More sample implementations can be found on the Additional String Functions page of the Tcler's Wiki, but at time of writing, they do not handle end-relative indexing nor can be used to append to a string. Since they are implemented in terms of [string replace] and do not perform any index arithmetic of their own, they actually do support TIP 176 indexes.

Compatibility Considerations

The existence of a command named [string insert] breaks any existing code that assumes [string in] is an unambiguous abbreviation for [string index]. Two options exist:

  1. Special-case [string in] to mean [string index].
  2. Take no special action, in which case [string in] becomes an error.

This TIP proposes option #2 because abbreviations are not guaranteed to be stable in the long term. This TIP targets Tcl 8.7, the first alpha version of which was recently released. Thus there are three reasons why compatibility is deemphasized in this situation.

Specification

Add a new [string insert] command:

string insert string index insertString

Returns a copy of string with insertString inserted at the index'th character. index may be specified as described in the STRING INDICES section.
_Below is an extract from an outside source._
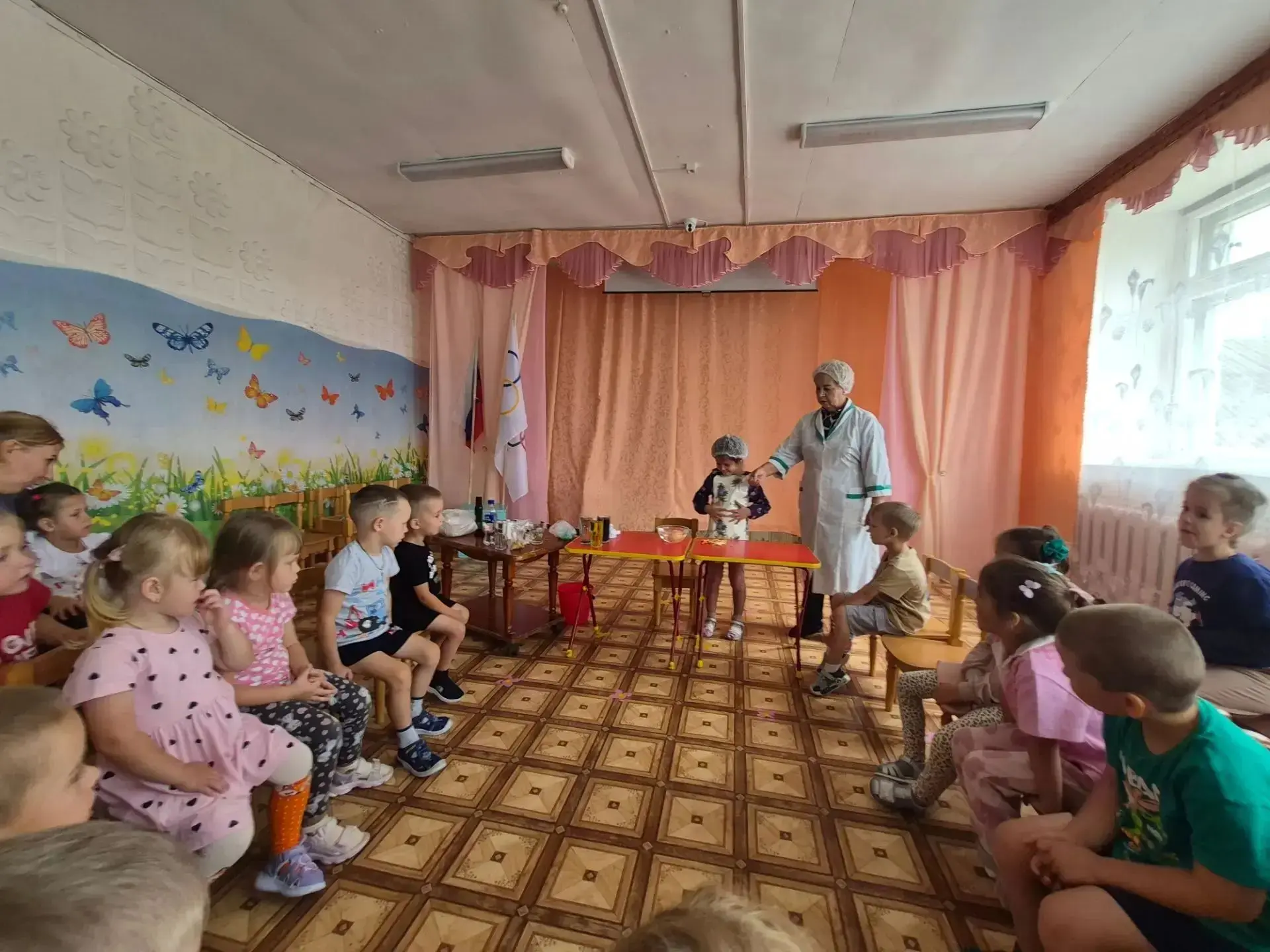 СЕГОДНЯ,14 августа,в нашем детском саду прошел день опытов и экспериментов — это веселы...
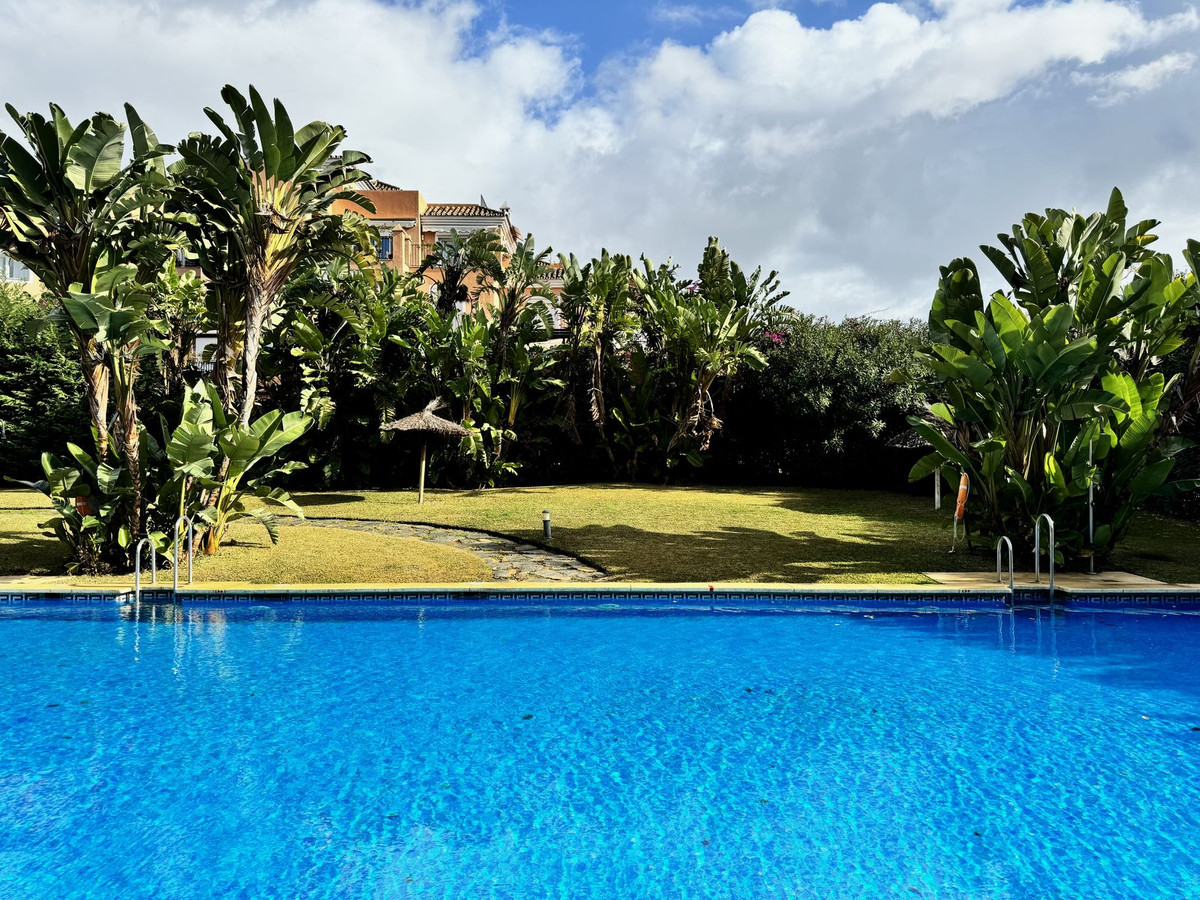 Photo 1 Middle Floor Apartment Guadalmina Alta, Costa del Sol, Málaga – R4608409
If index is start-relative, the first character inserted in the returned string will be at the specified index. If index is end-relative, the last character inserted in the returned string will be at the specified index.

If index is at or before the start of string (e.g., index is 0), insertString is prepended to string. If index is at or after the end of string (e.g., index is end), insertString is appended to string.

Reference Implementation

A pure Tcl reference implementation is given above.

The dgp-string-insert branch in the Tcl Fossil repository provides an implementation of the proposed subcommand, complete with documentation, bytecode compilation, and a set of test cases.

Future Work

The direct evaluation of [string insert] is routed though a new internal routine TclStringReplace. It is a conventional substring replacer routine that serves as the inner core of both the [string insert] and [string replace] commands with suitable screening of corner cases by the callers. There is one routine to perform this function, so that there is one place to get the functionality right (debugging), one place to work on performance and representation efficiency (optimization), and one place where we can experiment with transformation to different data structures. This is one of a family of TclStringFoo routines that are engines of functionality for other [string foo] subcommands.

The existing internal routine TclStringReplace does not include the full collection of optimizations that the prior routine Tcl_ReplaceObj did. Since this routine remains internal, it can continue to gain these revisions without further TIP examination. Likewise, alternative bytecode compiler and execution strategies may also be pursued internally.

These routines may be good candidates to become available to applications and extensions in the public C API. The current TIP does not propose that. It is out of scope. A set of questions will need to be addressed when considering converting these routines into public ones. First it will need to be determined what level of robustness to present in a public interface. Should such a function be permitted to fail or even abort if given improper arguments? Or should all required argument validation be built into the routines to detect such things and raise catch-able errors instead? This general question includes the specific question about whether such routines are permitted to panic when memory allocation fails. Second several of these routines require an argument specifying an index into a string. These arguments have type int. It is expected that string indices limited to int will no longer be desirable in Tcl 9, so it must be decided whether it makes sense to create new routines for Tcl 8.7 that are destined to be discarded by Tcl 9, or whether a migration path needs to be put in place from the beginning. Since these questions are non-trivial, addressing them is saved for a later TIP.

Copyright

This document has been placed in the public domain.